I think it an extraordinary thing to be born in the midst of fragrant, lilac-perfumed May.
The first clusters of purple and white lilac blossom out just in time to be plucked from the bush by little hands and bundled up in birthday bouquets...the very best kind of birthday presents. I always put some by my bed... it is my opinion that there is nothing more extraordinary at making a person feel luxurious than flowers by the bed. At night, they flavor my dreams. In the morning, when sun is filtered through cloudy curtains-just upon waking, without even opening my eyes, I stretch my arms wide and breathe deep, that glorious scent. And asparagus- tell me, a birthday with the first asparagus of the season is made that much more special, wouldn't you say?
My birthday was nice, despite Matt being out of town. My mom visited and brought HAPPY cookies with her. The children worked on handmade gifts, so sweet. Corynn made me homemade Andes mints that were to-die-for. YUM. The day before Matt had made breakfast and cut a heart in cheese for me. I ate dessert, a rare treat these days, and I made a households worth of one of my favorite meals Chicken and Vegetable Alfredo. Matt doesn't prefer alfredo and I've been avoiding pasta in order to lose weight- so that was the special treat I decided upon for my birthday.
I turned 35 years old- which doesn't seem all that old and yet, very much too old at the same time. Judah said the other day, out of the blue, "Woah, Mama! You have A LOT of gray in your hair! You have a whole PATCH -right there!! You should really dye it!" And if you have never heard Judah speak...he speaks VERY loudly and with MUCH enthusiasm. To hear him say it, you would surely think it MUST be done. And quickly.
Actually, I think I might.
But then again- if I dye my hair, that opens up a whole new can of worms, doesn't it? One doesn't usually stop dying ones hair after one has begun. And that is a whole lot of commitment. And cash.
Then again- I am not keen on being grayed while in my 30's. Not when women in their 50's and 60's would look younger than I would. That would be a strange thing. It's a conundrum. Thoughts?

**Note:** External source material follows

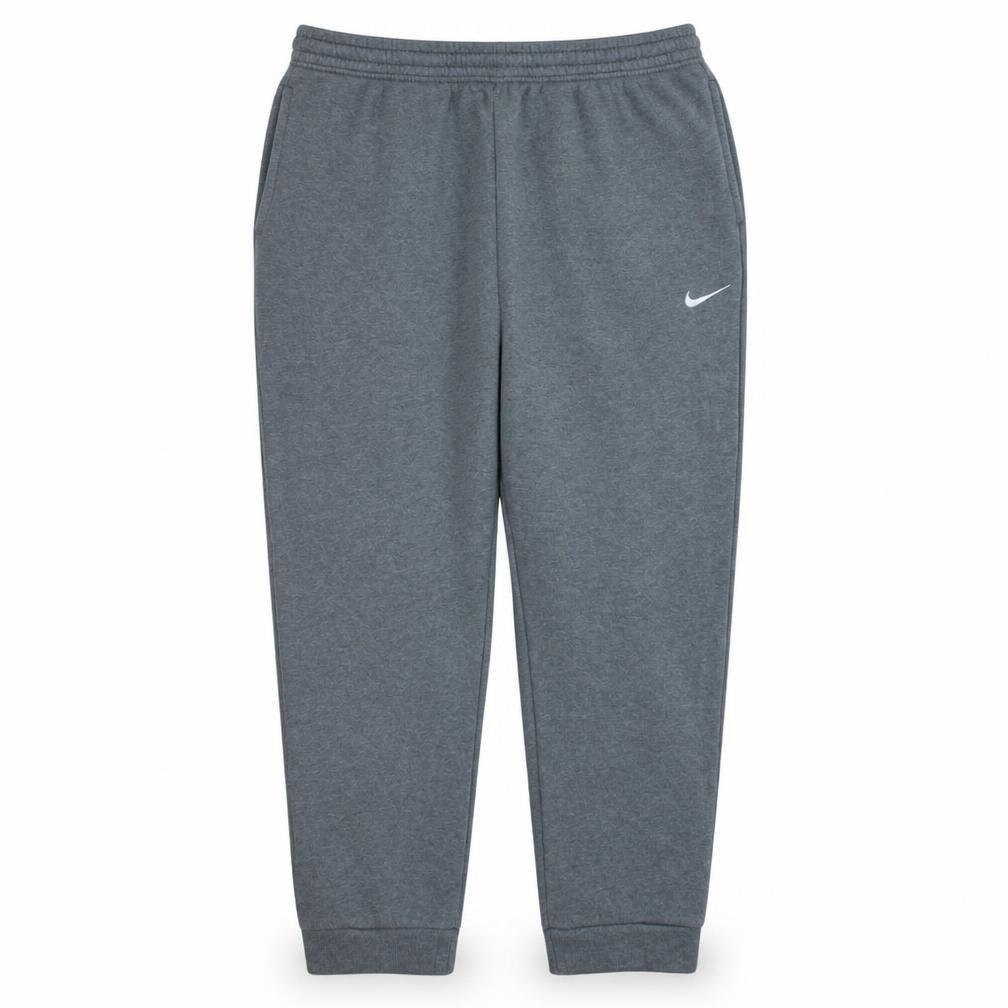 Front view of Nike Men Grey Regular Fit Fleece Sweatpants M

Lately, I have been having a hard time focusing on more than one event at a time. It is like my brain can't fragment into the necessary parts anymore. (Old age?!) I could juggle lots of things with ease before and now I have to get through one thing in order to get through another. Getting the puppies to their new homes was the big thing in the beginning of May. They left the weekend of Mother's Day and my birthday. It was sad to see them go. Realizing I don't want 8 full size dogs living with us next year didn't make it much easier to see 7 adorable little puppies leave us in a day. Boy, were they precious. How can you resist those adorable faces?
Then it was Mother's Day. Then it was a curriculum sale to prepare for. Then a weekend out of town. Now it is the garden and an anniversary party and a vacation. If I can just get the garden in, I can think about the anniversary party. And after the anniversary party, I can finally focus on the vacation. One thing at a time. Just one thing.
I thought the vacation would be the last of the big things but June is already shaping up to be just as busy. As busy as spring is, it is a busy that I quite like. Getting my hands dirty, watching flowers swell and blossom, feeling the sun, visiting with friends and road trips. The last of the school days and the postponing of school days for planting days. It feels...productive.
And that always feels good, doesn't it?